Re: I'm a total push-over.. - Andreas Ericsson

git.vger.kernel.org archive mirror
 help / color / mirror / Atom feed

From: Andreas Ericsson <ae@op5.se>
To: Marko Kreen <markokr@gmail.com>
Cc: Dmitry Potapov <dpotapov@gmail.com>,
	Linus Torvalds <torvalds@linux-foundation.org>,
	Git Mailing List <git@vger.kernel.org>,
	Junio C Hamano <gitster@pobox.com>
Subject: Re: I'm a total push-over..
Date: Thu, 24 Jan 2008 17:00:51 +0100	[thread overview]
Message-ID: <4798B633.8040606@op5.se> (raw)
In-Reply-To: <e51f66da0801240519u4c8e6ddfrb7af8df34552252a@mail.gmail.com>

Marko Kreen wrote:
> On 1/23/08, Andreas Ericsson <ae@op5.se> wrote:
>> Marko Kreen wrote:
>>> (not lookup3) because lookup3 beat easily all the "simple" hashes
>> By how much? FNV beat Linus' hash by 0.01 microseconds / insertion,
>> and 0.1 microsecons / lookup. We're talking about a case here where
>> there will never be more lookups than insertions (unless I'm much
>> mistaken).
> 
> FNV is around 40% slower than lookup3 on my Intel Core CPU, on 4byte aligned
> input. See below for more detailed info.
> 

But the tests surely need to check for unaligned cases, as that's what
we're likely to hash, no?

>>> If you don't mind few percent speed penalty compared to Jenkings
>>> own optimized version, you can use my simplified version:
>>>
>>>   http://repo.or.cz/w/pgbouncer.git?a=blob;f=src/hash.c;h=5c9a73639ad098c296c0be562c34573189f3e083;hb=HEAD
>> I don't, but I don't care that deeply either. On the one hand,
>> it would be nifty to have an excellent hash-function in git.
>> On the other hand, it would look stupid with something that's
>> quite clearly over-kill.
> 
> Jenkins hash is fast because it does not look at individual bytes.
> If you _do_ want to look at them for unrelated reasons, (case-insensitive,
> unicode-juggling), then it obiously loses the point.  That is, if you
> want to process the string in one go.
> 

I believe the ability to add unicode-juggling was a major point
with the patch, so perhaps Jenkins' isn't such a good option.

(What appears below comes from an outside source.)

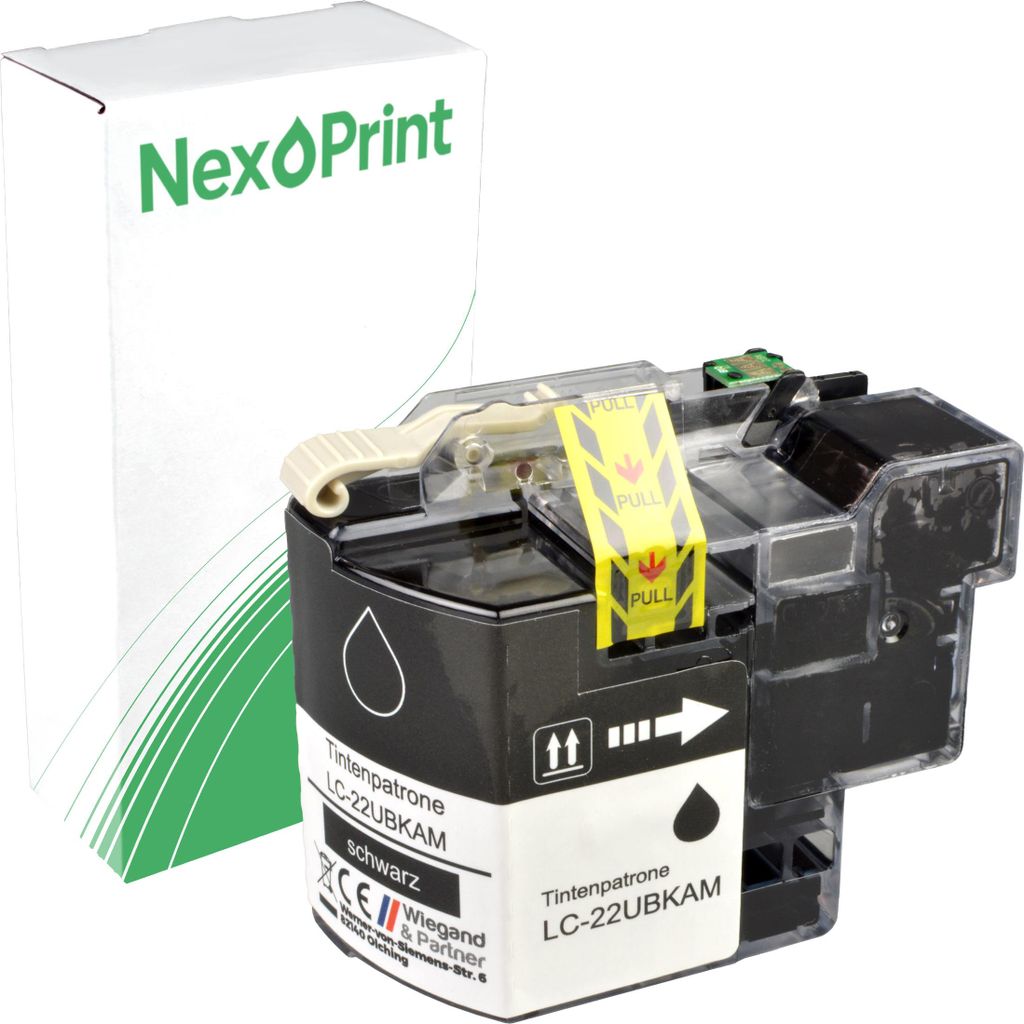 NexoPrint LC-22U BK schwarz Druckerpatronen kompatibel zu Brother DCP-J 785 DW MFC-J 985 DW ca. 2750 Seiten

I'm not familiar with data-mangling the way Linus (or Theo Tso
is), so I hadn't even considered that aspect of unrolled hashes.

>> It would have to be a significant improvement in wall-clock time
>> on a test-case of hashing 30k strings to warrant going from 6 to 80
>> lines of code, imo. I still believe the original dumb hash Linus
>> wrote is "good enough".
> 
> Well, ad-hoc dumb hashes may have horrible worst-cases that you cant
> see with light testing.  Therefore I'd still suggest some better
> researched dumb hash (eg. FNV or OAT).
> 

True. FNV is used in both MySQL and PostgreSQL. I'd say it's safe to
assume it's fairly well tested.

>> On a side-note, it was very interesting reading, and I shall have
>> to add jenkins3_mkreen() to my test-suite (although the "keep
>> copyright note" license thing bugs me a bit).
> 
> Sorry.  I just used template boilerplate.  Considering all the
> hard work was done by other people, it not proper to put under
> my own license.  I tagged the file as 'public domain' and pushed out.
> 

Thanks. I'll see if I can add it, although it'll probably have to
wait until I have reason to dig into it at work again. I've added
the hash to the code-base, but not yet incorporated it into the
test-case.

> Btw, the reason I started cleaning lookup3 was that at first I was
> scared of the complexity of Jenkins code and decided to go with
> Hsieh hash.  Then I found out that Hsieh code is under totally
> werdo license (http://www.azillionmonkeys.com/qed/weblicense.html)
> so I could not use it.
> 

True. I was in contact with him a while back since I wanted to use it
in an opensource project, but the licensing issues made me go with
another one instead. The patch got turned down anyways, so it was a
non-issue in the end, but... Ah well.

> 
> Here is my raw-speed test of different hashes.  Input is 4-byte
> aligned which should be common case for malloc()-ed strings.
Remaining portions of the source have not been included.